In the years that followed, Classic Music Company sat in a strange limbo, eventually going out of business. But in 2010, Simon Dunmore, the head of Defected Records, acquired the rights to buy Classic’s back catalogue, and struck up a deal with Solomon to help revive the label under Defected’s immense dancefloor banner.
Dunmore first met Luke years earlier when he was working under Marts Andrups at Narcotic Recordings. After learning that Classic had gone out of business, he jumped at the opportunity to acquire the imprint, and called up Solomon with a proposal. That was when Solomon’s “luck kind of changed,” as he puts it.
“Classic was always a label that I loved, and Luke was a guy that I knew, so rather than have it go to someone who really didn’t care, we decided we were going to pick up the rights to the label,” Dunmore explains. “The moment we secured that, I called Luke and said we’d acquired Classic, but told him, ‘It’s not my label, it’s your label. Will you come and run it for us?’ He knew all the nuances of the label, the specifics of the records, and he had relationships with the artists. Plus, we got along really well, so it was just a logical decision. I had no concerns really because I felt we’d be able to manage and run his business properly and we had sufficient enough cash-flow for us not to be affected by the transitions that the music industry were going through.”
With its precious back catalogue and intrepid leader in tow, Classic Music Company was accepted with open arms by the Defected family. However, up to this point, Solomon had total control over his label.

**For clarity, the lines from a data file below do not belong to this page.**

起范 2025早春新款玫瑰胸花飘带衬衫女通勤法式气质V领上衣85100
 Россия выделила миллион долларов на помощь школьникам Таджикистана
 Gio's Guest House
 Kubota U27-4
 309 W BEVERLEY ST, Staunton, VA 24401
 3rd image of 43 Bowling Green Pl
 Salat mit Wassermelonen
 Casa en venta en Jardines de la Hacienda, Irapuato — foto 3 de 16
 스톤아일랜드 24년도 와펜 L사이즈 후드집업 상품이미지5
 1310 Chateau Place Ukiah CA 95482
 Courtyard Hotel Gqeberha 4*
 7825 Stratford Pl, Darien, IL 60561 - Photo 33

Suddenly he faced oversight, and initially, the transition went through its rough patches.
“I’d been flying solo for quite a long time,” Solomon explains. “I’d been locked up in the studio trying to throw things at a wall, hoping something would stick and trying to figure out what was going on. I was in quite an isolated space, mentally. So coming in to work with someone, or for someone, was quite a difficult thing for me to navigate. So it took me quite a long time to find my feet at Defected, because I had to kind of get familiar with how Simon operated his business, and I had to understand the sort of things that were at stake here. I think I baffled quite a lot early on. At first, I didn’t always understand the implications of it being a very different world than we had started when we could just release a record by an unknown without much consequence.”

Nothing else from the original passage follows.